WORK INSTRUCTION: Extract every line below that contains the word "Organizer".

MATERIAL SUPPLIED:
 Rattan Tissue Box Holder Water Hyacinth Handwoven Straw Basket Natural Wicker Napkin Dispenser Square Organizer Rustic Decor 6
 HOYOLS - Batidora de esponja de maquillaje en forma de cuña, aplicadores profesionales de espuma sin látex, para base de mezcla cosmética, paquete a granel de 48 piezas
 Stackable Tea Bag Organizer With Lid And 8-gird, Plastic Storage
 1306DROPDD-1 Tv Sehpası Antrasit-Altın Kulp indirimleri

---

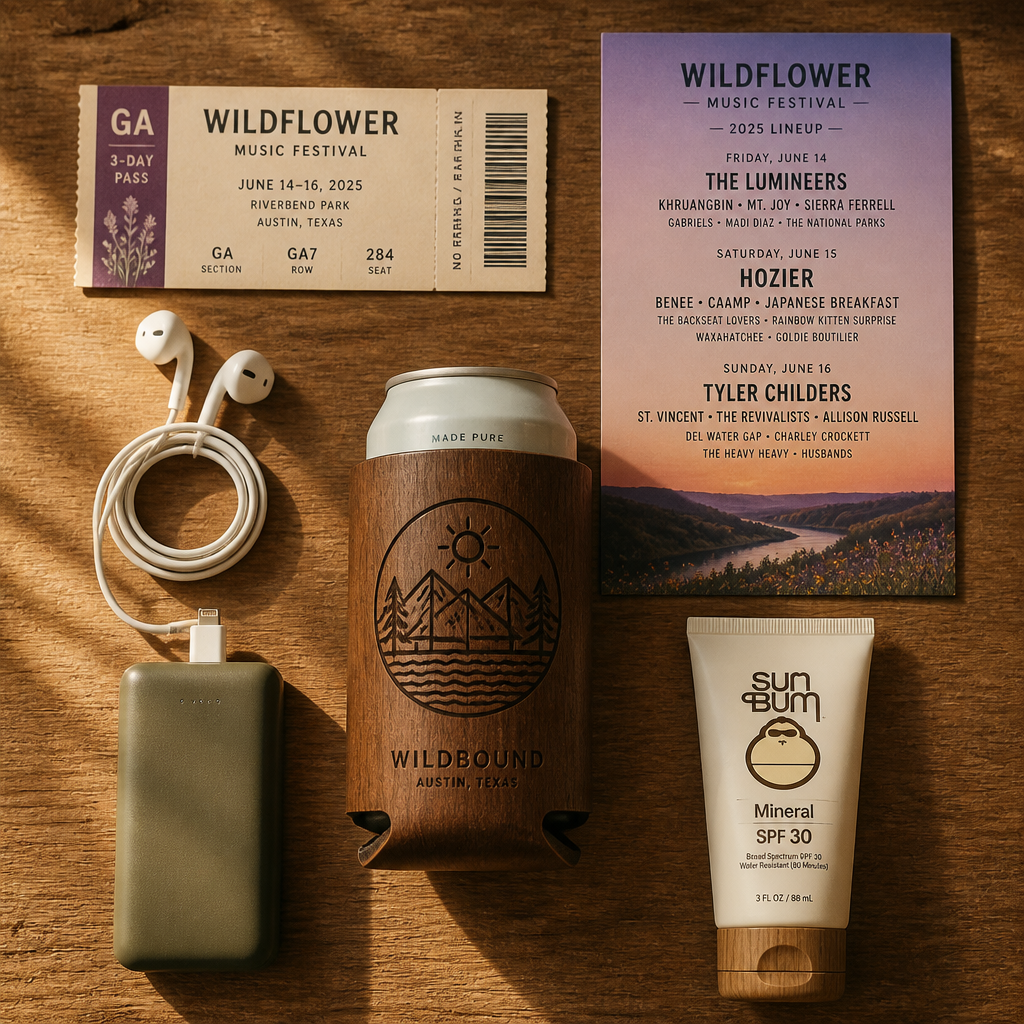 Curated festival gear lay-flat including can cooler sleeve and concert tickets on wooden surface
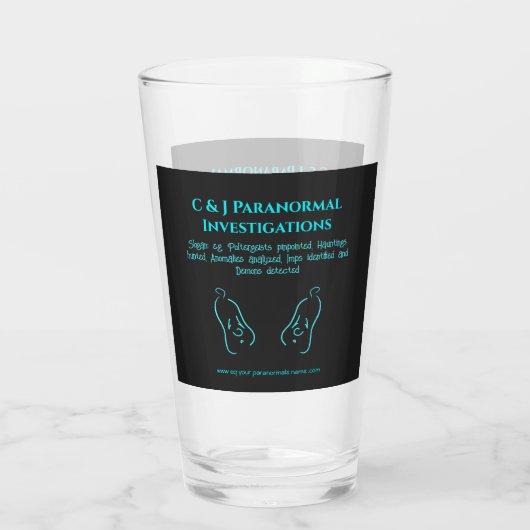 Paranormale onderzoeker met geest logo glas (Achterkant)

EXERCISE RESPONSE:
 Rattan Tissue Box Holder Water Hyacinth Handwoven Straw Basket Natural Wicker Napkin Dispenser Square Organizer Rustic Decor 6
 Stackable Tea Bag Organizer With Lid And 8-gird, Plastic Storage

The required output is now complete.